To support small businesses affected by COVID-19, the government is raising the Business Rates Retail Discount to 100% for the 2020 to 2021 tax year. This business rates holiday will apply to all businesses in England in the retail, hospitality and leisure sectors, irrespective of their rateable values.

Businesses that received the retail discount in the 2019 to 2020 tax year will be rebilled by their local authority as soon as possible.


Through the Retail and Hospitality Grant Scheme, businesses in England in the retail, hospitality and leisure sectors will also be provided an additional cash grant of up to £25,000 per property.

Businesses in these sectors with property that has:

  • a rateable value of £15,000 and under, may be eligible for a grant of £10,000; or
  • a rateable value of between £15,001 and £51,000, may be eligible for a grant of £25,000.

Occupied properties used by businesses in the retail, hospitality and leisure sectors will benefit from these reliefs if they meet the above eligibility criteria and if they are wholly or predominantly being used:

  • as shops, restaurants, cafes, drinking establishments, cinemas or live music venues;
  • for assembly or leisure; or
  • as hotels, guest and boarding premises or self-catering accommodation.

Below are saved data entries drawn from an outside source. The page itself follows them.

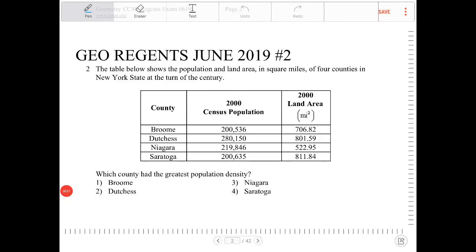The table below shows the population and land area in square miles of four counties in New York State at the turn of the century. Which county had the greatest population density?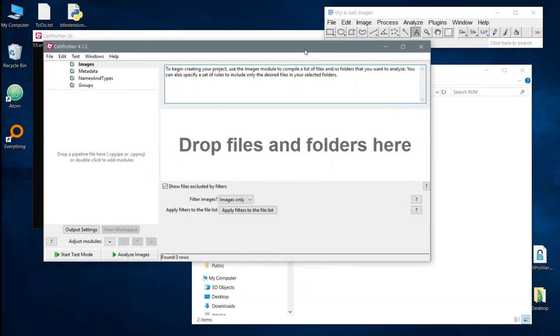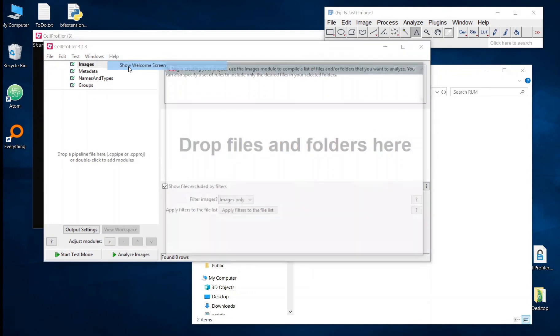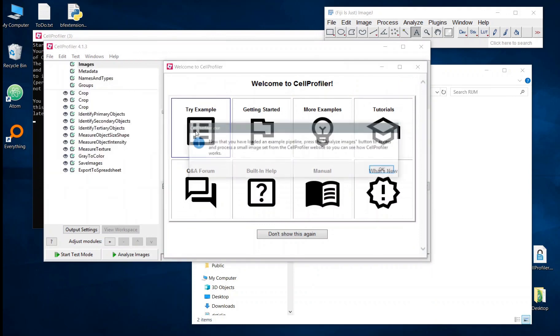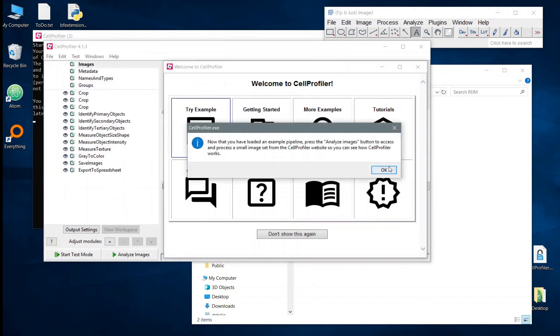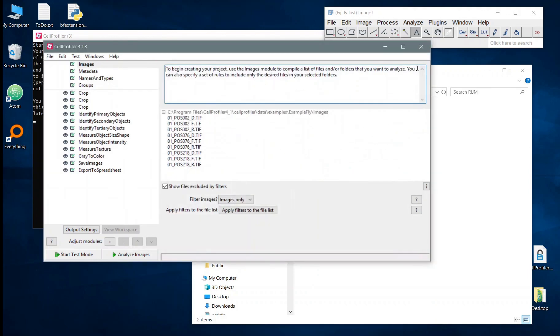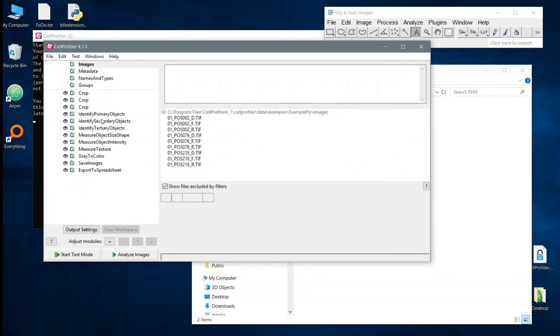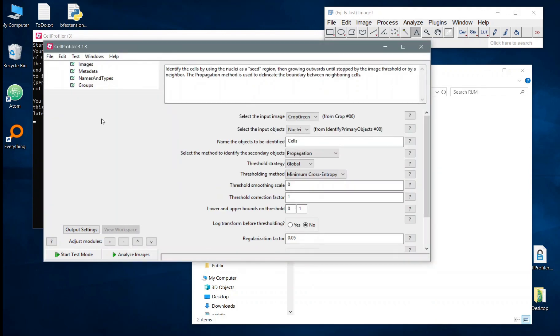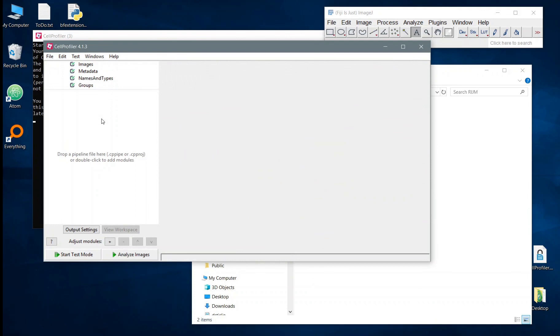Hi everyone. Today we're going to be looking at the new RunImageJ macro module introduced in CellProfiler 4.1. I'm going to start by just opening up some example images in the example pipeline and clearing off the modules that we have there.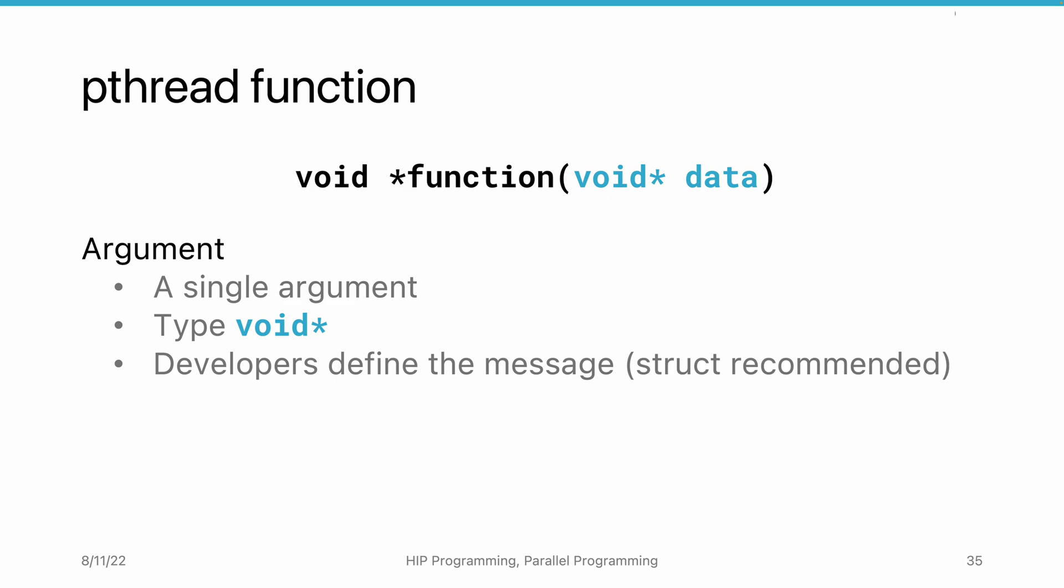If the data is a single variable, we can directly pass the pointer to the variable from the caller and cast it back in the callee. If more than one piece of information is needed, it is better to group the variables as a struct.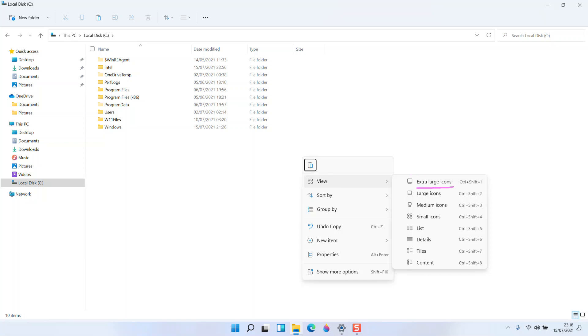This is one difference between the desktop view right-click option and the Windows Explorer right-click option.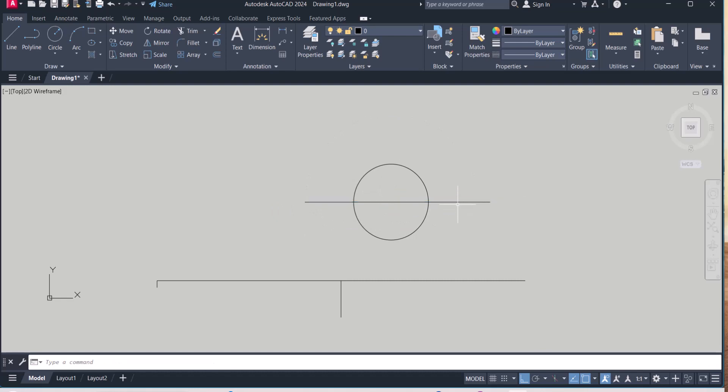So these object snap settings are very helpful while drawing in AutoCAD. If you have any query related to drafting setting, please put comment below. I will try to answer your query. Thanks for watching.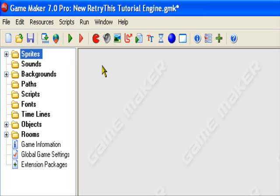Hello and welcome to an original Retry This production. Today I'll be teaching you how to add tiles into your Game Maker game.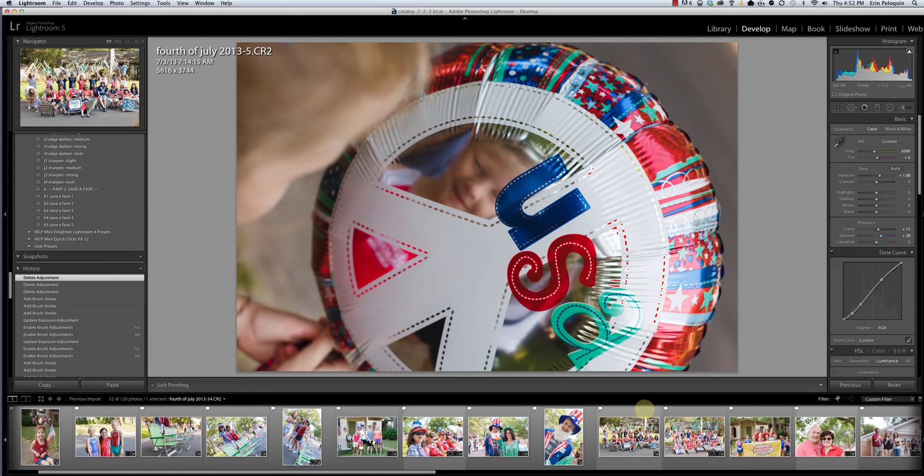Hi, this is Erin from Texas Chicks Blogs and Picks. Today I'm going to talk about some advanced features of Lightroom's local adjustment brush.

All VAT payments falling due between 20 March 2020 and 30 June 2020 will be deferred during the coronavirus pandemic. This includes foreign businesses which are registered for UK VAT. The scheme is automatic with no applications required.

The scheme does not apply to VAT payments under the Mini-One-Stop-Shop scheme.

The VAT not paid during the period is then due to be paid to HMRC by the end of the 2020/21 financial year, which ends on 31 March 2021.

No interest or penalties will be charged on any amount deferred as a result of this scheme.

VAT payers on Direct Debits, must cancel their direct debit via their Gateway login account or contact their bank. The mandate must be cancelled in sufficient time so that HMRC do not attempt to automatically collect, following submission of the VAT return. HMRC does not have the power to stop a mandate, nor can agents cancel direct debit mandates on behalf of taxpayers.

VAT refunds and reclaims will continue to be paid by the government as normal.

VAT returns must still be filed on time, including following the new 2020 MTD rules.

Payments on account of income tax that would normally fall due in July 2020 may be deferred to January 2021. This will be automatic, no payments or applications are required at this time. At the point of filing 2019/20 returns, no interest or penalties will be charged for payments that have been made after the normal July deadline.

The government has confirmed that all people are eligible for this, and not just those that are self-employed.


This scheme will support SMEs, providing them with access to loans, overdrafts, invoice finance and asset finance up to £5m for up to six years. The government will also cover the first 12 months of interest.

Broadly businesses are eligible if they are UK based and have a turnover of less than £45m.

The government will provide lenders with a guarantee of 80% on each loan made under the Business Interruption Loan Scheme, subject to certain pre-lender caps. There are currently 40 accredited lenders under the scheme. Businesses need to contact their bank to establish eligibility.


A new four-year TFSME is to run for a year and is designed to encourage banks and building societies to offer lending close to the new level of the bank rate and with additional incentives to lend to Small and Medium-Sized Enterprises (SMEs).


A new lending facility, the COVID-19 corporate finance facility will help bridge disruption to cash flow and support liquidity among larger firms, helping them bridge coronavirus disruption to their cash flows.

Under this facility the Bank of England will buy short term debt from larger companies, and support corporate finance markets to ease supply of credit to all firms.